L’enfant qui maltraite son doudou se maltraite d’abord lui-même. C’est la raison pour laquelle nous disons que nous nous faisons du mal à nous même en maltraitant la technique et les produits techniques. Dans le contexte de Simondon, nous dirions que le comportement qui entend subsumer la machine sous la catégorie « esclave » va déclencher un retour de manivelle par lequel la machine va déshumaniser l’homme en le prolétarisant. On peut donc dire que : « qui exprime une tendance à l’asservissement des individus techniques cultive un possible asservissement de l’homme ». De la même manière, la jetabilité et l’obsolescence programmée des produits industriels ne fait que préparer la « jetabilité « et l’obsolescence programmée de l’homme.

Pour autant, l’approche Simondonienne reste tributaire de la figure de l’individu technique ; qu’en est-il lorsque l’on est dans des systèmes techniques et dans des réseaux ? Simondon aurait-il pu être en empathie avec les réseaux numériques ? Les services de réseaux sociaux, en tant que technologies relationnelles, ne fondent-il pas leurs services sur notre nature empathique ?

Dans son dernier texte, « Trois perspectives pour une réflexion sur l’éthique et la technique », Simondon évoque sa vision de l’éthique de la technique sur ce que l’on nomme, dans l’industrie, les « cycles de vie » des produits. L’expression est déjà heureuse en ce sens qu’elle pose que l’objet technique, via son cycle, a bien une vie ; ce qui rend l’empathie avec les objets techniques beaucoup moins contradictoire.

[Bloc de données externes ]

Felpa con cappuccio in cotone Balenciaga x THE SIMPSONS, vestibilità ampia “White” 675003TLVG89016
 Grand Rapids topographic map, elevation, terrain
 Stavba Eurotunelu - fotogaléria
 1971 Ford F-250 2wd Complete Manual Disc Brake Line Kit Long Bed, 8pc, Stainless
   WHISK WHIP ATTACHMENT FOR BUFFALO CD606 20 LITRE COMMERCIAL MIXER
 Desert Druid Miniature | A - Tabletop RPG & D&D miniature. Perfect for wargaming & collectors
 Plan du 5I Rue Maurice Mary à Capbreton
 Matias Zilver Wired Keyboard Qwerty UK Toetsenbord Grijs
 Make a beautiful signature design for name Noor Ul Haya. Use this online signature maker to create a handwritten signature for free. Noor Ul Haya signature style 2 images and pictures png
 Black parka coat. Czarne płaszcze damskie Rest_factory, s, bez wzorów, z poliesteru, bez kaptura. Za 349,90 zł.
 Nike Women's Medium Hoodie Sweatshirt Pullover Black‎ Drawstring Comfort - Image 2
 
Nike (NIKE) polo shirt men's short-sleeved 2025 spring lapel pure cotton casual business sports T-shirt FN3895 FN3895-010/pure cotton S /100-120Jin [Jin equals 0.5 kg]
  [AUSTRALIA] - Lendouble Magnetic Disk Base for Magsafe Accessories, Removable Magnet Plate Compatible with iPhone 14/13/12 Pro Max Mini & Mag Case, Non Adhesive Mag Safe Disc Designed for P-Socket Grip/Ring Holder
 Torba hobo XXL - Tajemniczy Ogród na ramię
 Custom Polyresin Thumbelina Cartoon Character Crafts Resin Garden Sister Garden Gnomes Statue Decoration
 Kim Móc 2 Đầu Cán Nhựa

Mais le problème est que le cycle de vie en question est un cycle de vie qui relève d’une intrication de processus à la fois industriels, économiques et technologiques. Quand on touche à l’objet technique, c’est tout qui remonte sous forme de défis à relever pour agencer et faire composer l’ensemble des systèmes. Au final, l’éthique devient une écologie.

Un écho certain avec l’impact premier de l’entrepreneur Steve Jobs : une modification de notre empathie par rapport aux « périphériques personnels » dotés de capacité de computing.